Hawaiian Financial Services Company Brings Motion for Partial Summary Judgment on Issue of “Reasonably Equivalent Value”
May 21, 2021, District of Hawaii – Finance Factors Limited, a company offering financial services in Hawaii filed its motion for partial summary judgment as to the issue of “reasonably equivalent value” and “value” as applied in Counts I through V of the complaint filed in the bankruptcy case of AGUPLUS, LLC.
Last year, Plaintiffs AGUPLUS, LLC and AGU-V, INC, formerly known as IYO SEIMEN USA, INC. (the “Debtors” or “IYO”) and Hannan Ribiyou Kabushikigaisha filed a lawsuit against Finance Factors Limited ( the “Defendant”) for recovery of alleged “intentional and constructive fraudulent transfers” under Sec. 548 of the Bankruptcy Code and under Haw. Rev. Stat. § 651C-4(a)(1). IYO formerly operated a restaurant located in the Ala Moana Shopping Center. The Plaintiffs also sought to avoid a mortgage allegedly held by Finance Factors as a “fraudulent transfer”, under 11 U.S.C. § 548, and the Hawaii Uniform Fraudulent Transfer Act.
Specifically, Plaintiffs sought to avoid the Finance Factors mortgage that allegedly encumbered certain residential real property in Kahala owned by IYO (the “Kahala Property”), and recorded in the State of Hawaii Bureau of Conveyances. The Finance Factors mortgage allegedly was to secure a line of credit of $1,000,000 in the name of Hisashi Uehara for the benefit of IYO, as a borrower, and was structured so that no funds could be drawn on the line of credit without the signatures of both officers and directors of IYO – Uehara and Grant Kidani (collectively, referred to herein as the “IYO Officers & Directors”).
The Debtors alleged that IYO “did not receive reasonably equivalent value” in exchange for the Finance Factors mortgage. Defendant argued that IYO “received reasonably equivalent value” at the time IYO granted the Finance Factors mortgage, which was recorded “contemporaneously”. That is, in exchange for the $1,000,000 Finance Factors mortgage, IYO received a “dollar-for-dollar value” in the form of the line of $1,000,000 credit that was only accessible to IYO. According to Defendant, because IYO had “dominion over the line of credit”, it was the “transferee” or “recipient” of the value given by Finance Factors.
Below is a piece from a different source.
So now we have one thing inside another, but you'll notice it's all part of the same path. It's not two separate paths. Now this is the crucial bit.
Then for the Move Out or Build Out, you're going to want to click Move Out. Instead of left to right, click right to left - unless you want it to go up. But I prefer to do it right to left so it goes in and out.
According to the Debtors, how the IYO Officers & Directors later spent the funds is relevant to the “reasonably equivalent value”. However, Finance Factor argues that the only relevant transfer is the “granting and recording of the Finance Factors mortgage”. Defendant alleges that the Debtors are “conflating” the transfer to Finance Factors (the
lien” of the Finance Factors mortgage) with later transfers of money by the IYO to other nonparties (the payments). Defendant asserts that each of these subsequent transfers was “separate transfers” of IYO’s property, but Finance Factors was “not a transferee” of such transfers. According to Defendant, Finance Factors is only the transferee of the Debtor’s interest in the Kahala Property and was not the transferee concerning any of the draws on the line of credit, and any use of the proceeds by IYO. Defendant further argues that whether or not IYO obtained “reasonably equivalent value” for those subsequent transfers, does not affect the analysis of whether IYO “received reasonably equivalent value” in exchange for the transfer of an interest in the Kahala Property about the Finance Factors’ mortgage.
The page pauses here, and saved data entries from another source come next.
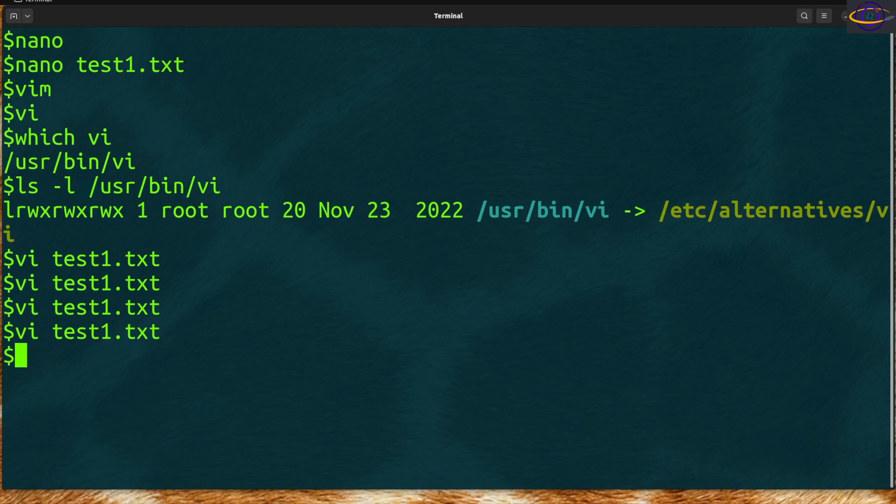In this video we're going to cover users and permissions in Linux — all the basic stuff you need to get by and survive in a Linux environment on the command line. We're going to cover file permissions like read, write, execute for the user, group, and others, and how to get root or admin privileges to maintain your system. All real practical stuff, so let's jump right into it.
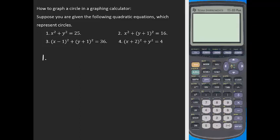How to graph a circle in a graphing calculator. Suppose you are given quadratic equations which represent circles. Taking the first example, x squared plus y squared equals 25. In a regular calculator like TI-83 plus or 84, you cannot type x squared plus y squared equals 25, which is implicit form.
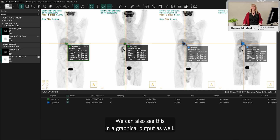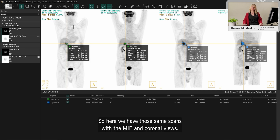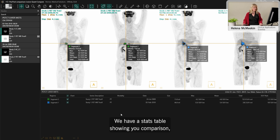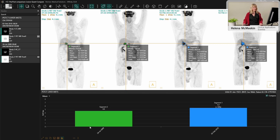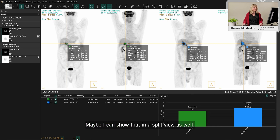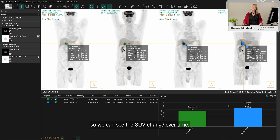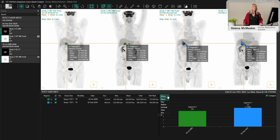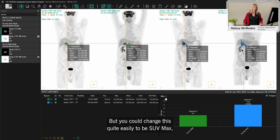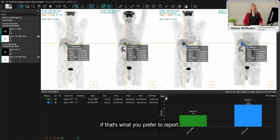We can also see this in a graphical output. Here we have those same scans with the MIP and coronal views, a stats table showing comparison, and we can toggle a column chart to see the SUV change over time — in this case it's a change of plus 19% for SUV mean, but you could easily switch this to SUV max if that's what you prefer to report.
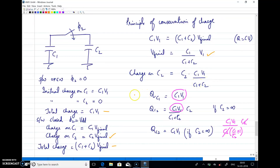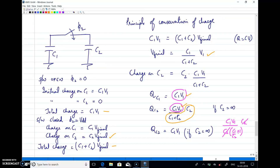Initially the charge on C1 was C1·V1. When the two capacitors are connected in parallel, only a fraction of the charge is transferred to C2. That fraction is C2/(C1 + C2), so the charge transferred is C1·V1 · C2/(C1 + C2). This ratio C2/(C1 + C2) is the charge transfer ratio.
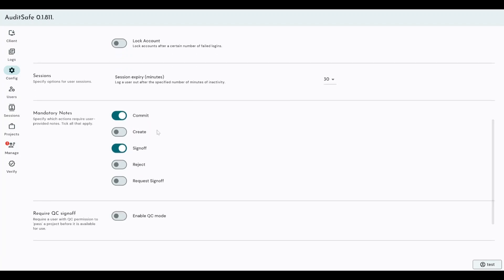We have the ability to force a logout if someone walks away from their computer, for example. So after a certain number of minutes of inactivity, the user is automatically logged out. And this applies to both the admin tool, this server tool here that I'm accessing, and the client.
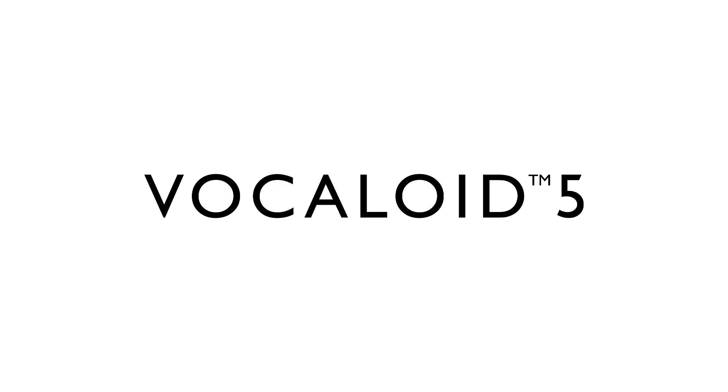And with a bit more mixing and editing, we'll get something like this.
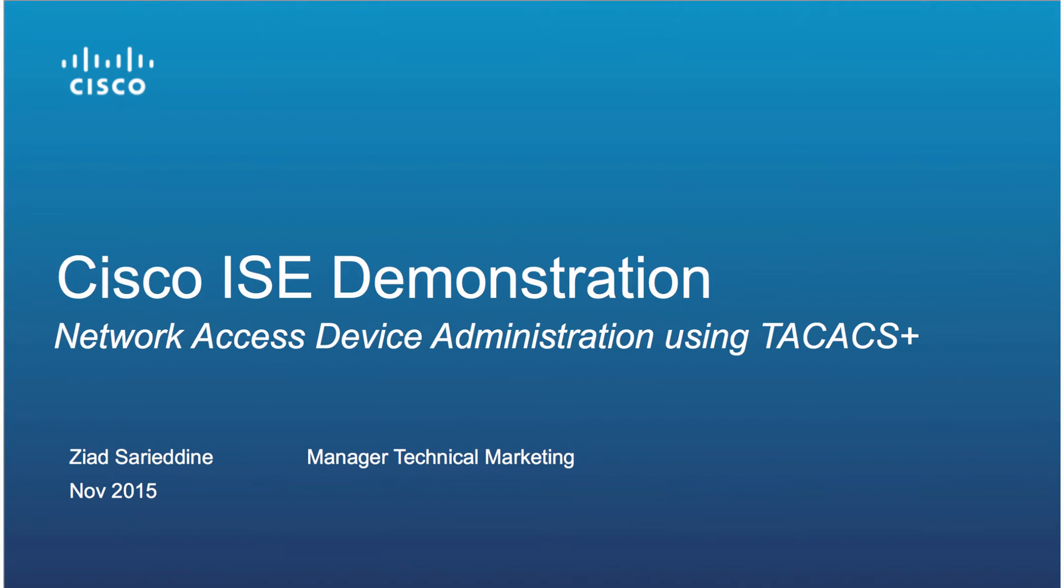My name is Ziad Sariad-Dean, manager of technical marketing for the Identity Services Engine. I'm going to take a couple of minutes to do a quick demo on how we can use Identity Services Engine to help us manage device administration using TACACS+.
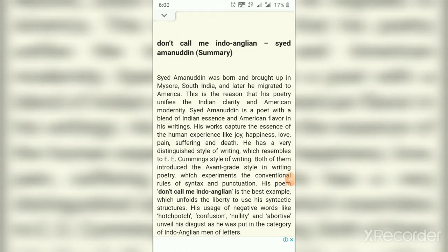Hello dear students. This video is made for the students of English literature for class BA part 3. In this video we are going to talk about the poem 'Don't Call Me Indo-Anglian,' and this poem was composed by Syed Amanuddin. Syed Amanuddin was born in 1934 and is a US-based Indian poet who writes in the modernist American tradition on a wide range of topics from love to science.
Accordingly, Defendant alleges that there is “no dispute as to any material fact” on the issues of “reasonably equivalent value” and “value”, and Finance Factors is entitled to judgment as a “matter of law”.
The hearing on Defendant’s motion for partial summary judgment is scheduled for June 25, 2021, at 10:00 AM at Courtroom, 1132 Bishop Street, Suite 250, Honolulu, HI 96813. The case is In re AGUPLUS, LLC, Case Number – 19-01530 in the United States Bankruptcy Court for the District of Hawaii. The law firm of Tsugawa Lau & Muzzi is representing Defendants. O’Connor Playdon Guben & Inouye, LLP is representing the Plaintiffs. Honorable Bankruptcy Judge Robert J. Faris is overseeing the Debtor’s bankruptcy case.